Choosing the Row ID for Clustered Tables

translator_bot · June 22, 2024, 9:18pm

Note:
This topic has been translated from a Chinese forum by GPT and might contain errors.

Original topic: 聚簇表的row id 选择

| username: Raymond

Excuse me, teachers. I saw the following sentence on the official website. My question is, if the primary key of a clustered table is of type char or varchar, how is the row id of this clustered table formed?

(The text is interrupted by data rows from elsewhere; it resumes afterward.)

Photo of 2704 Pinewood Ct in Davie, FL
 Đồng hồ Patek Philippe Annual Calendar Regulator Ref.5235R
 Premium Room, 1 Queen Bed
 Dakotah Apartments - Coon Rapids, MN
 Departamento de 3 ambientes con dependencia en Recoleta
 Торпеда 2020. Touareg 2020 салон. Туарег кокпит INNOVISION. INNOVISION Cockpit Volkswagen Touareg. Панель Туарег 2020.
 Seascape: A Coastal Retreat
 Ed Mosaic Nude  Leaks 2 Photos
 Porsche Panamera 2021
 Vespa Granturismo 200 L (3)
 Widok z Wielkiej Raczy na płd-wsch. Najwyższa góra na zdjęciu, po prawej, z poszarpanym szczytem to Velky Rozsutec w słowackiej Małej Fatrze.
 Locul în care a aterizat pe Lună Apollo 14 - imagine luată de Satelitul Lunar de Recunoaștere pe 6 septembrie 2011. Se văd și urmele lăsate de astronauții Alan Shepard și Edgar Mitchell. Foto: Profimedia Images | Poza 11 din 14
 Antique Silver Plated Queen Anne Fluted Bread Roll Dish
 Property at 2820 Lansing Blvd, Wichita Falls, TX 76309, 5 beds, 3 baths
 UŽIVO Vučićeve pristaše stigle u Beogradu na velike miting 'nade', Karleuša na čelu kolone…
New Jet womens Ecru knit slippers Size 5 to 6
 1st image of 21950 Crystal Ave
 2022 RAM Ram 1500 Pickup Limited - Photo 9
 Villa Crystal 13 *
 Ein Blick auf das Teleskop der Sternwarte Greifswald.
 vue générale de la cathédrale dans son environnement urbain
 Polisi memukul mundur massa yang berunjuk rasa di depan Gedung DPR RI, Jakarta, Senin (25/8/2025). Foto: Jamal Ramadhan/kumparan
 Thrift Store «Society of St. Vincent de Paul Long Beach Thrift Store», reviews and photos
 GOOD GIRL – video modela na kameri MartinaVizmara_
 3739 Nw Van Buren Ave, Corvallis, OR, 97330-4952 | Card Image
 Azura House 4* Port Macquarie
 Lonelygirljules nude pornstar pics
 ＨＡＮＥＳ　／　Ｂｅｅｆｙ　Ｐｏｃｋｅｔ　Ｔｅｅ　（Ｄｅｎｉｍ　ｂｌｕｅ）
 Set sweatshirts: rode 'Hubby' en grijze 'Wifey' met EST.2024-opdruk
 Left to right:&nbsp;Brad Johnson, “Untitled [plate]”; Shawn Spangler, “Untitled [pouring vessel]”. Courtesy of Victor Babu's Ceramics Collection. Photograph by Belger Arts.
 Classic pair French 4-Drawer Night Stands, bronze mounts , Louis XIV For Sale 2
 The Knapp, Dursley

translator_bot · June 22, 2024, 9:18pm

| username: 我是咖啡哥 | Original post link

I also looked through the documentation, and it seems that there is no mention of how the rowid is generated for a non-integer clustered table primary key.
For non-clustered tables, a _tidb_rowid is automatically generated. I guess it’s also automatically generated for varchar, but just not queryable.

All RowID in a table are within the range [0, MaxInt64)

From this, it appears that rowid is of int type.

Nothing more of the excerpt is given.